◆ **Exercise input**:
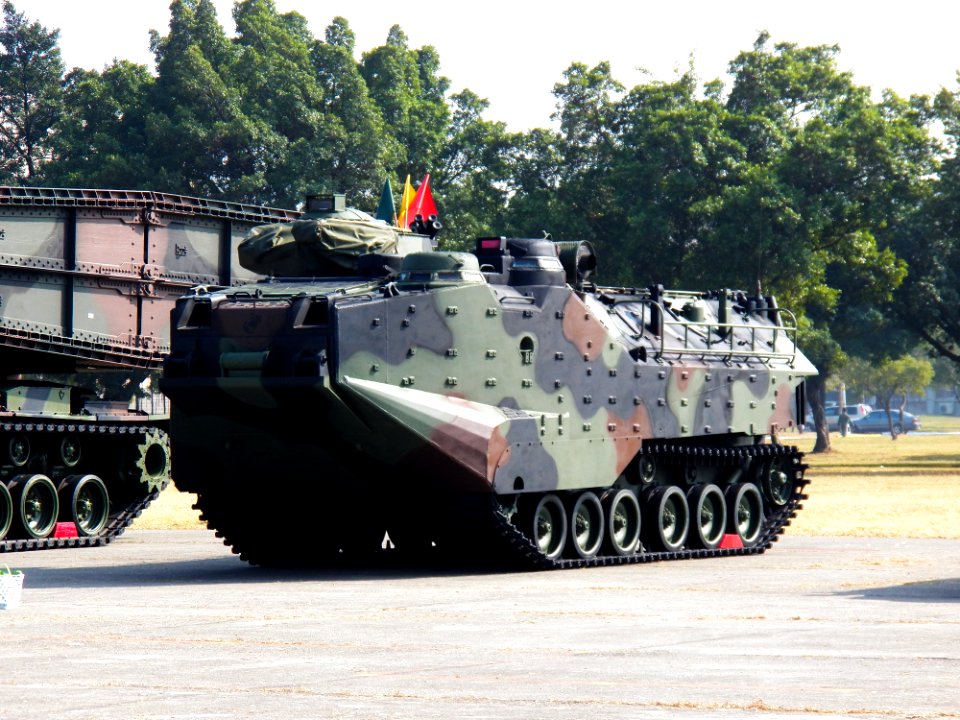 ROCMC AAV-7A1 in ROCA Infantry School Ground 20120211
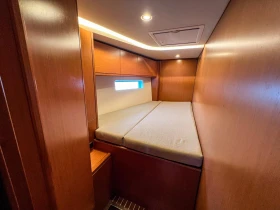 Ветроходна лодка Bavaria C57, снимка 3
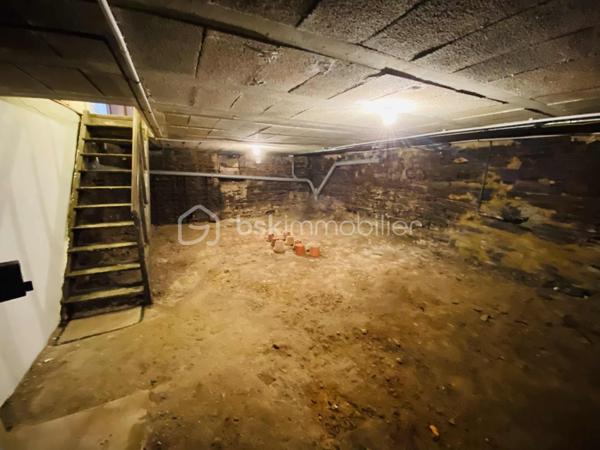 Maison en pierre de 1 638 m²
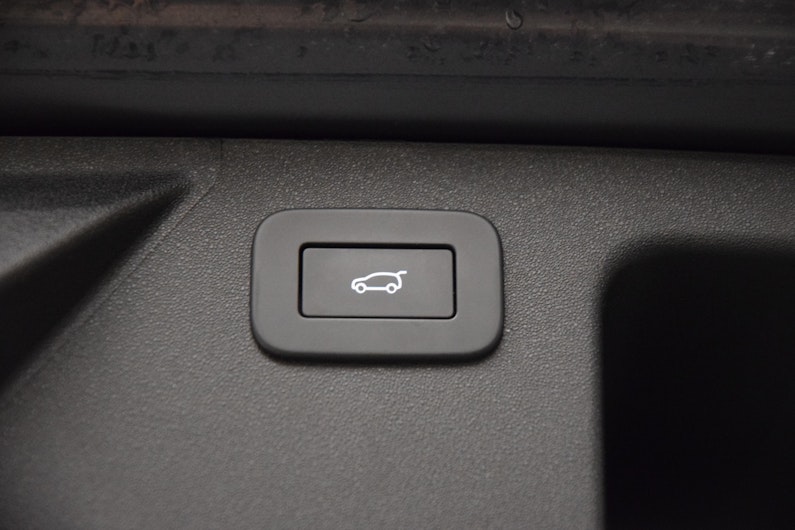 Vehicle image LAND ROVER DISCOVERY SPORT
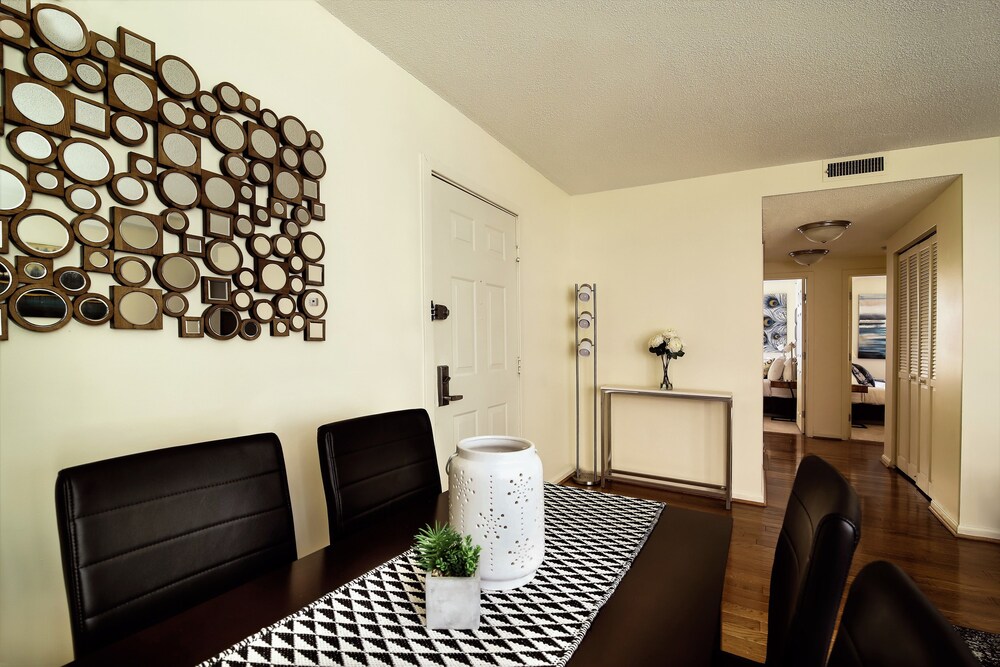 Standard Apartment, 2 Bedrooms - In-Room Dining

◆ **The problem**: Line by line, write out the data above exactly, without the pictures.

◆ **Response to this exercise**:
 ROCMC AAV-7A1 in ROCA Infantry School Ground 20120211
 Ветроходна лодка Bavaria C57, снимка 3
 Maison en pierre de 1 638 m²
 Vehicle image LAND ROVER DISCOVERY SPORT
 Standard Apartment, 2 Bedrooms - In-Room Dining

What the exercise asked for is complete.